Rock art, An Chathair Bhearnach, Co. Kerry
Co. Kerry |
Settlement Sites
Mortared into the boundary wall of a private house at An Chathair Bhearnach in County Kerry, a small sandstone slab carries some of the oldest marks human hands made in this landscape.
The stone measures roughly 33 by 19 centimetres, smooth and unfractured, and its entire face is covered in prehistoric rock art: cup-and-ring motifs, which are shallow circular depressions carved into the stone surrounded by one or more concentric rings, along with radial grooves extending outward from the central cups. Around these more elaborate carvings, approximately nineteen simple cupmarks, plain hemispherical hollows with no surrounding rings, are densely distributed across the surface. The lower portion of the stone disappears below a concrete footpath, so part of what was originally carved there remains hidden from view.

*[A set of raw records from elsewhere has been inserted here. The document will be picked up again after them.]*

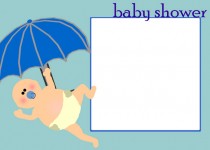 O chuveiro do bebé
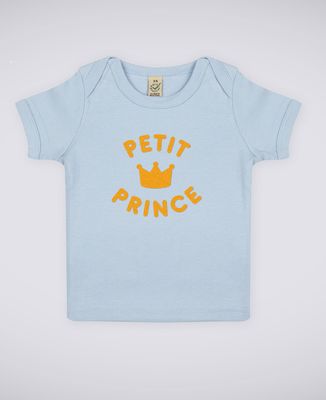 T-Shirt bébé Petit prince - Effet velours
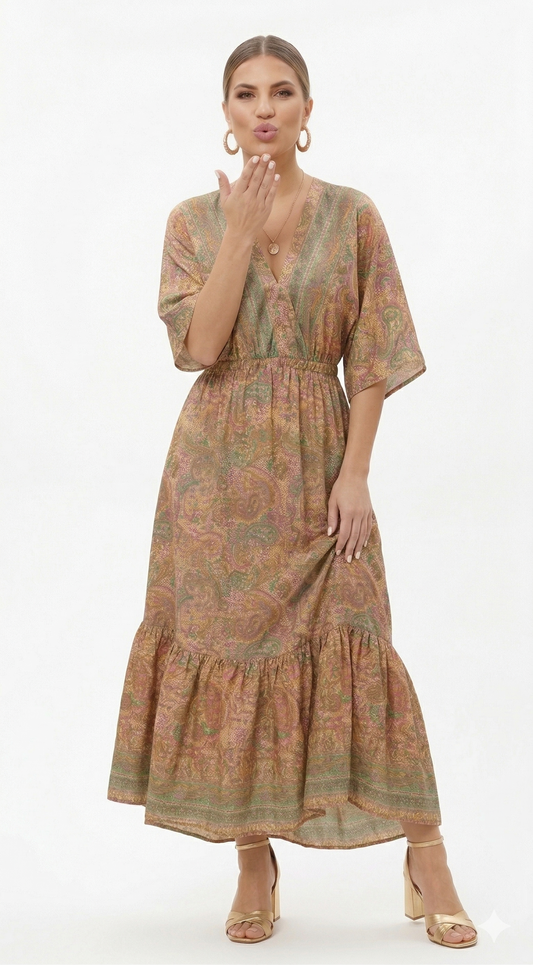 VESTIDO BOHEMIO "FRESCURA MEDITERRANEA"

The stone's prehistory, in both senses, is uncertain. It was already displaced from its original context by the time anyone began paying close attention to it. An observer named O'Malley, working for the Office of Public Works in 1937, noted a 'marked stone' in the vicinity, and this is very likely the same piece, though no record survives of where it stood before it was incorporated into the wall. The principal motifs, a cup enclosed by two penannular rings with a long radial groove, and further cup-and-ring combinations with curved radial grooves, are characteristic of prehistoric rock art found across Atlantic Europe, typically associated with the Neolithic or Early Bronze Age, though the meaning and function of such carvings remain genuinely unresolved. The stone sits on a north-west-facing wall at roughly 38 metres above sea level, well maintained despite its modest and decidedly domestic setting on the Iveragh Peninsula.